## Exercise brief
Wherever an image appears in the data, omit it and copy all the remaining text word for word.

Short text fragments from websites
________

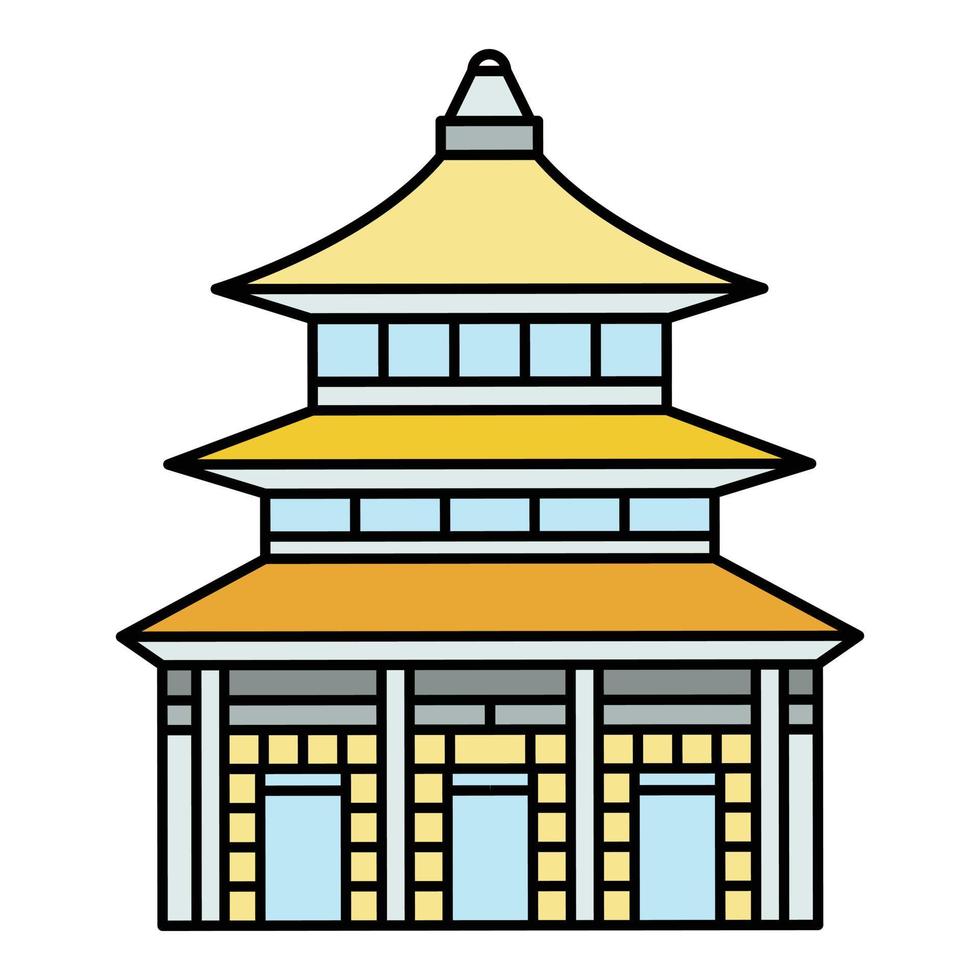 asia templo icono color contorno vector
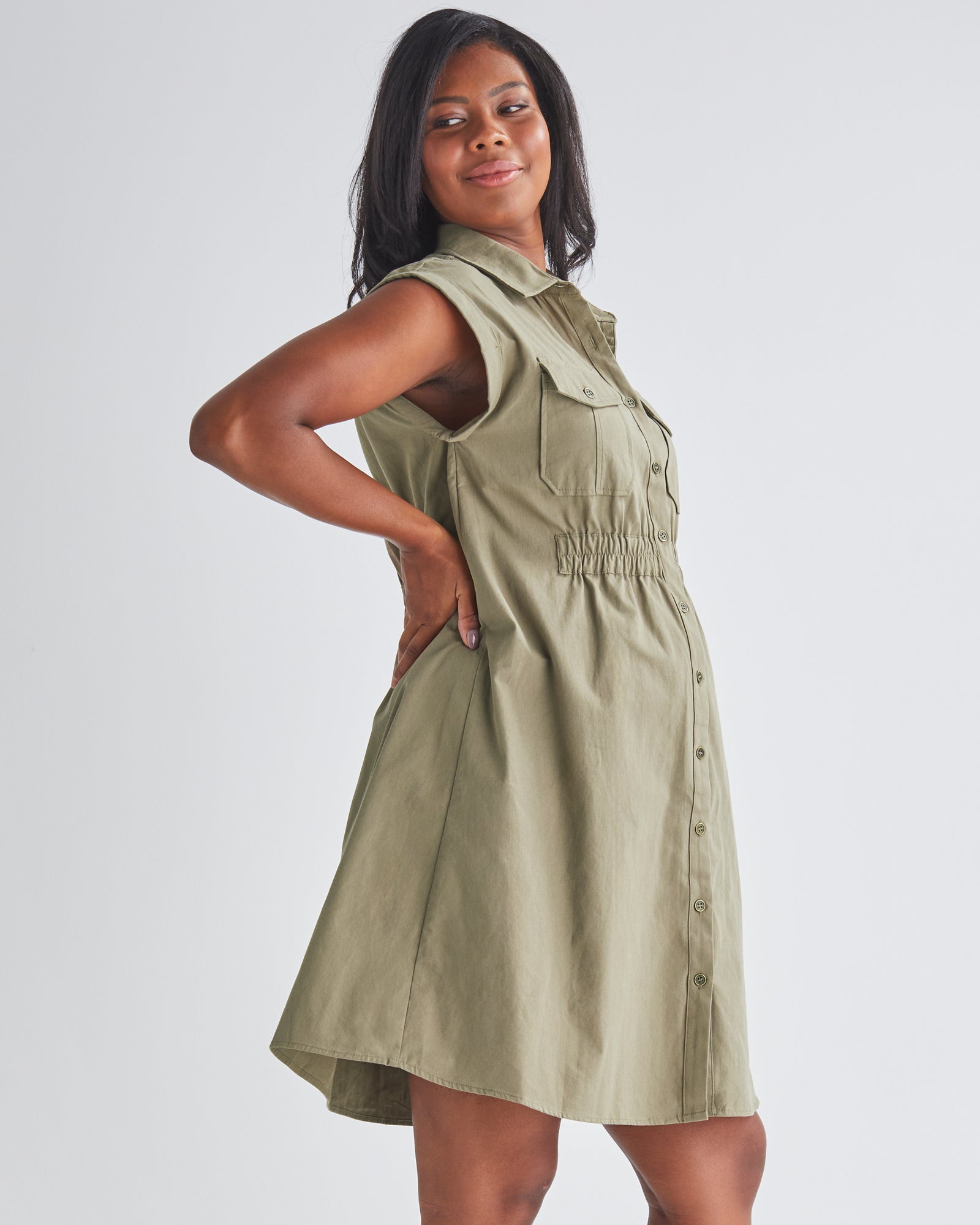 side View - A Pregnannt Woman Wearing Kaya Maternity Safari Shirt Cotton Dress In Khaki from Angel Maternity.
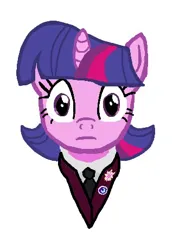 Size: 330x460 | Tagged: safe, artist:1611volk, derpibooru import, twilight sparkle, unicorn, alternate hairstyle, businessmare, bust, clothes, cutie mark, cutie mark on clothes, eyes open, horn, image, jpeg, mlp fim's fourteenth anniversary, ms paint, necktie, simple background, solo, stare, suit, unicorn twilight, wide eyes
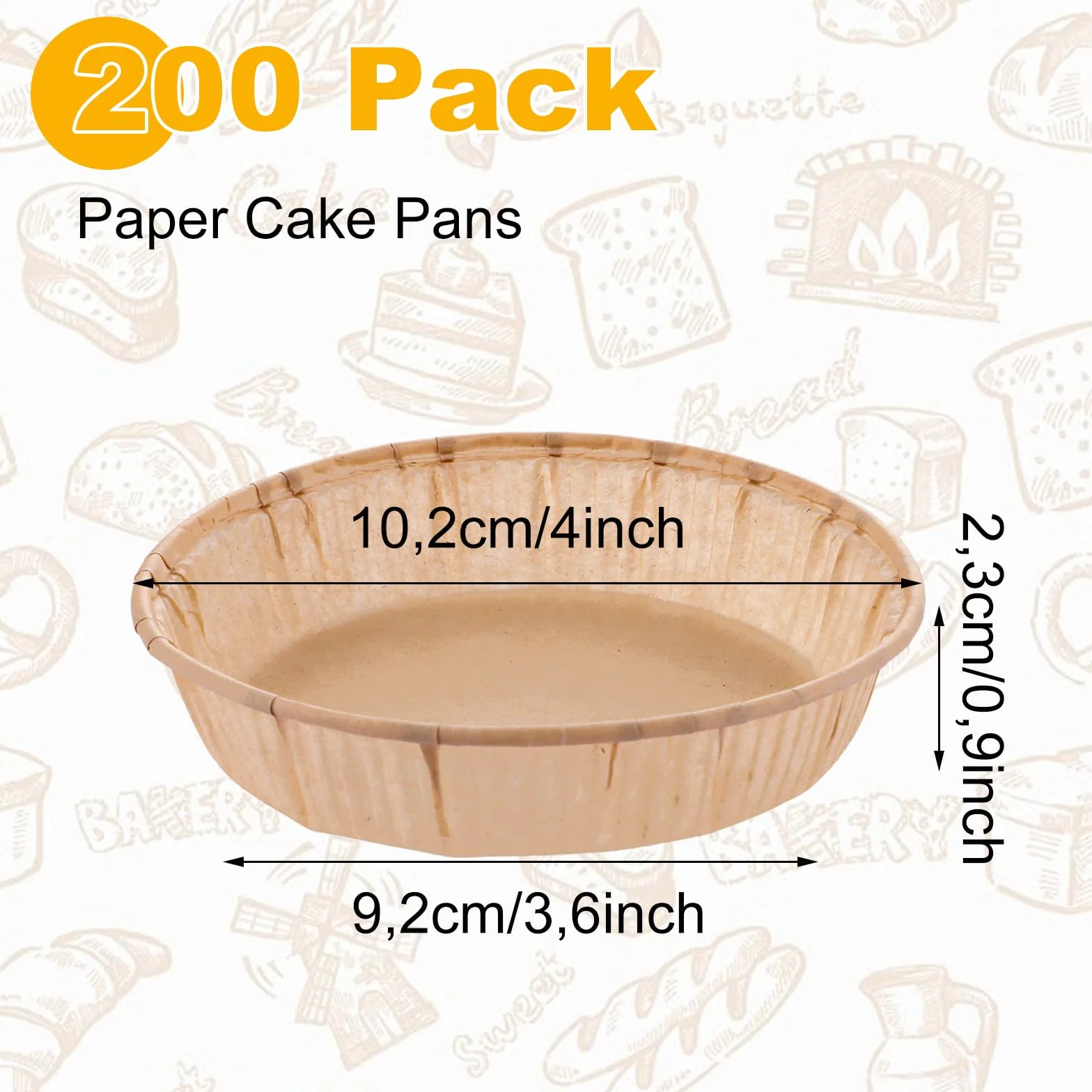 200 sztuk foremek do torteletów, 10 cm, małe foremki do muffinek, papierowe foremki do tarta, do pieczenia, mini muffinek, do puddingu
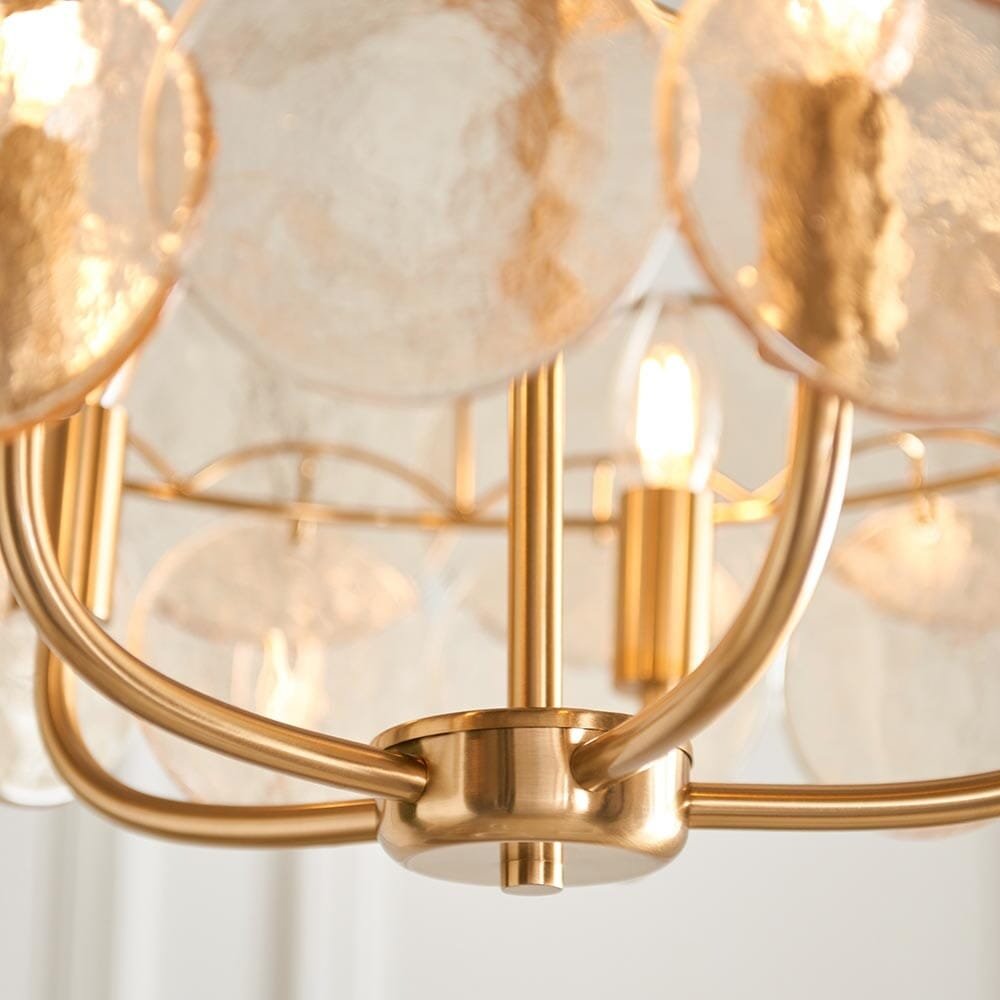 Juno Brushed Brass & Champagne Glass 5 Light Pendant Ceiling Light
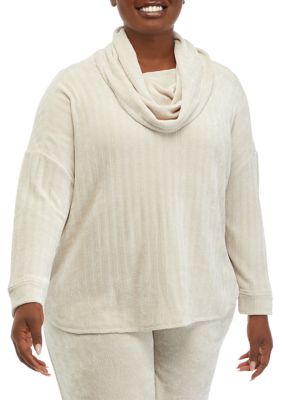 Cupio Women's Plus Size Chenille Ribbed Cowl Neck Sweater, 2X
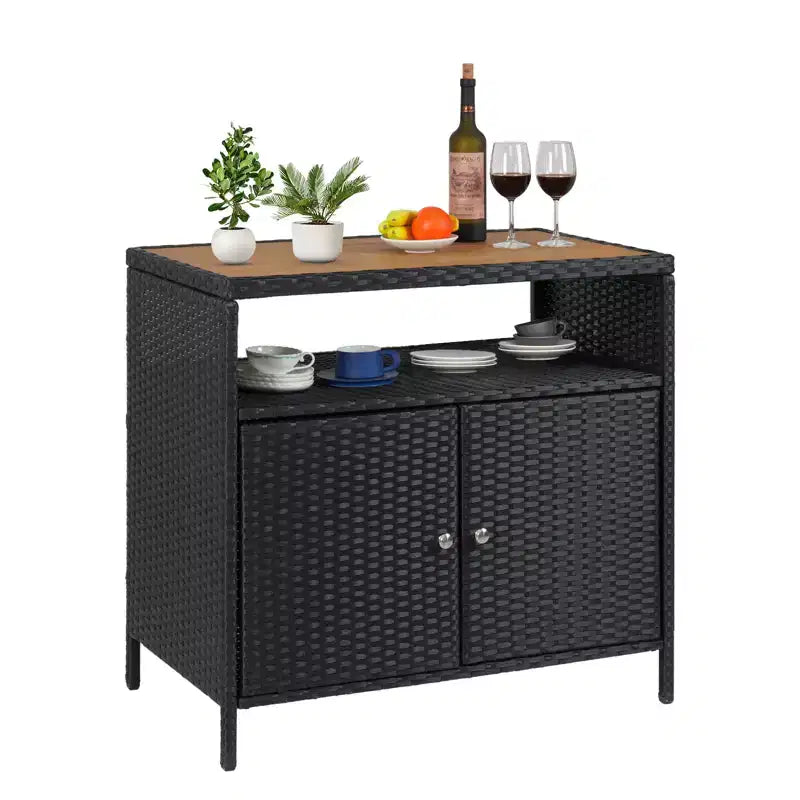 Garvee Patio Outdoor Wicker Storage Cabinet with Shelf,Powder Coated Steel,Patio Bar Table with 2-Door,All Weather Resin Wicker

________

## The completed task
 asia templo icono color contorno vector
 side View - A Pregnannt Woman Wearing Kaya Maternity Safari Shirt Cotton Dress In Khaki from Angel Maternity.
 Size: 330x460 | Tagged: safe, artist:1611volk, derpibooru import, twilight sparkle, unicorn, alternate hairstyle, businessmare, bust, clothes, cutie mark, cutie mark on clothes, eyes open, horn, image, jpeg, mlp fim's fourteenth anniversary, ms paint, necktie, simple background, solo, stare, suit, unicorn twilight, wide eyes
 200 sztuk foremek do torteletów, 10 cm, małe foremki do muffinek, papierowe foremki do tarta, do pieczenia, mini muffinek, do puddingu
 Juno Brushed Brass & Champagne Glass 5 Light Pendant Ceiling Light
 Cupio Women's Plus Size Chenille Ribbed Cowl Neck Sweater, 2X
 Garvee Patio Outdoor Wicker Storage Cabinet with Shelf,Powder Coated Steel,Patio Bar Table with 2-Door,All Weather Resin Wicker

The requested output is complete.